The CR-V Hybrid pairs two electric motors with a 2.0-litre petrol engine and a CVT transmission. However, given its smaller dimensions, the Jazz supermini will use either a 1.0-litre of 1.5-litre petrol engine and have less power. Honda has yet to confirm any capacity, performance or economy figures for the new Jazz's hybrid drivetrain, however.
The Jazz will be the first in the brand 's line-up to only offer a hybrid powertrain, with other models soon to follow suit. Honda announced earlier this year that all of its combustion-engined models in Europe will be offered with hybrid powertrains by 2025.
Honda said at the time: "Ahead of its 2025 electrification goal, Honda will expand the application of its i-MMD dual-motor hybrid system, with the introduction into smaller segment cars an important first step."
Currently, the only model it offers as a hybrid is the CR-V, which indirectly replaced a diesel variant of the compact SUV. Petrol variants are also sold. Honda UK has seen great success with the CR-V Hybrid, which accounts for 55% of the model’s sales.
Following the launch of the hybrid Jazz in 2020, the next electrified model will be the Civic in 2021. The next-generation Accord due to launch in Japan next February will also be a hybrid.
Honda CEO Takahiro Hachigo confirmed at the Tokyo motor show that all future electrified Hondas would be sold under a newly-created e:Technology sub-brand. All models powered by Honda's two-motor hybrid system will be called e:HEV.
Honda UK sales boss Phil Webb said the maker will launch a campaign to help educate on the hybrid Jazz given the older age of many of its loyal customers. He predicts a dip in sales when it first arrives on roads next summer, but anticipates it will bounce back to between 18,000 and 20,000 units annually in the UK.
The new Jazz must remain familiar enough to appeal to those loyal owners, while also bringing in new people to Honda’s entry-level model.
The styling is a minor evolution over the previous model. The space-maximising upright profile and tall glasshouse remains, but with more curved lines and redesigned lights, bumpers and bonnet. One notable feature is the split A-pillars, designed to increase forward visibilty. The windscreen wipers have also been hidden below the top of the bonnet line.
Honda claims the new Jazz's seats offers comfort similar to that of a premium saloon. The rear seats are said to retain the flexibility of previous Jazz's in how verstaile they are. The forward cabin design is a simple one, with clean lines and a touchscreen mounted in the centre console.

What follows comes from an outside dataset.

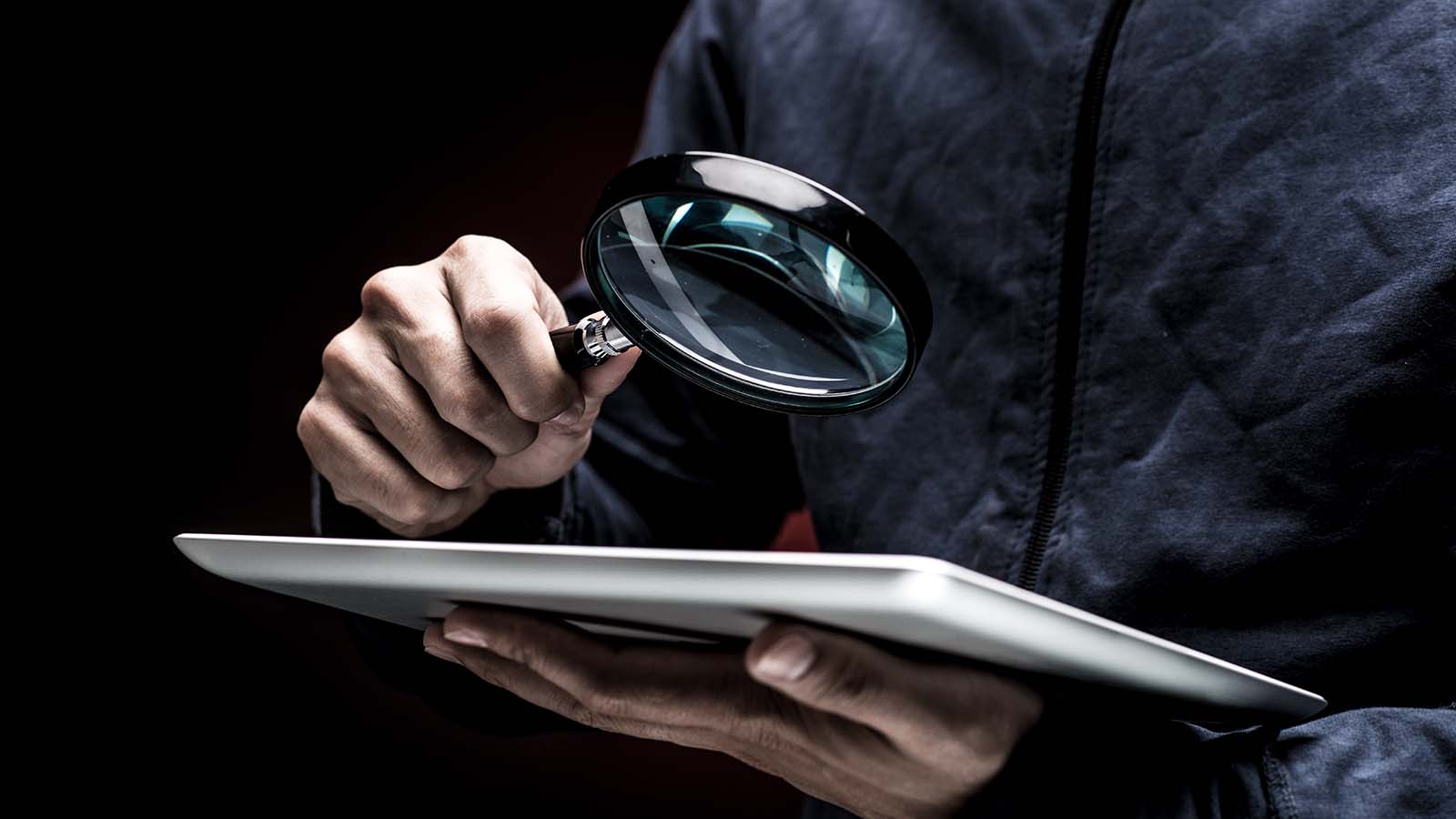 une personne examinant un appareil mobile à l'aide d'une loupe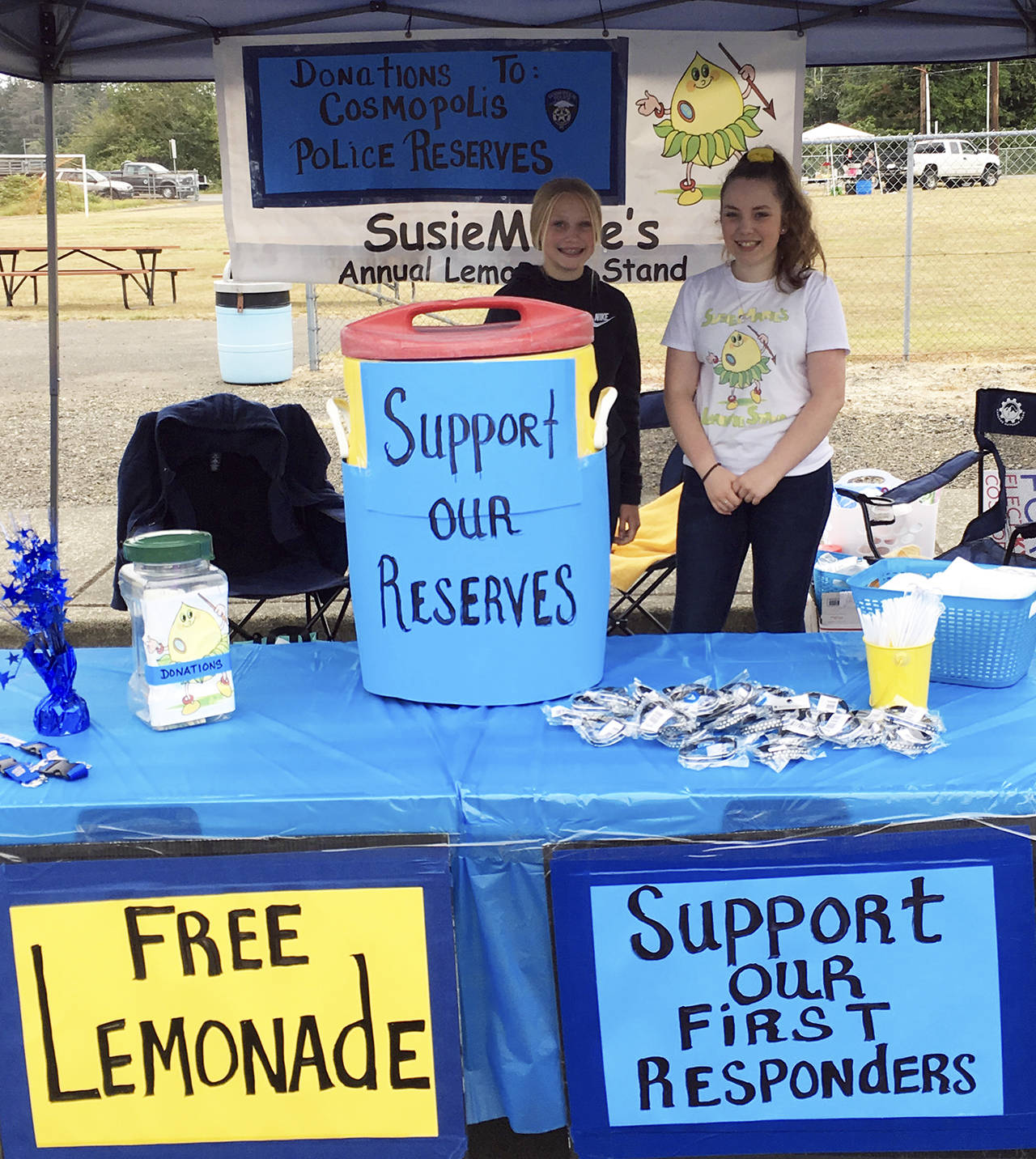 Courtesy photo                                SusieMarie’s Lemonade Stand, an annual fundraiser, pulled in nearly $2,200 Aug. 18 during the Festival in the Park in Cosmopolis. About $1,700 went to the Cosmopolis Police Department Reserves, and $500 went to the Cosmopolis Volunteer Fire Department. Pictured are SusieMarie Brenenstahl (at right) and Zoe Vessey, who helped run the stand this year. Next year, the 14th annual Lemonade Stand will be SusieMarie’s senior project — and it will be the last one, according to her grandmother, Ann Peery.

In Japan, five different versions of the new Jazz will be offered: Basic, Home, Ness, Crosstar and Luxe. They are different trim levels, that climb from a simple version on steel wheels through to a model with leather seats and extra chrome trim. It's unlikely these trims will all be offered in the UK, with Honda set to confirm details on the European Jazz later this week at a seperate unveiling.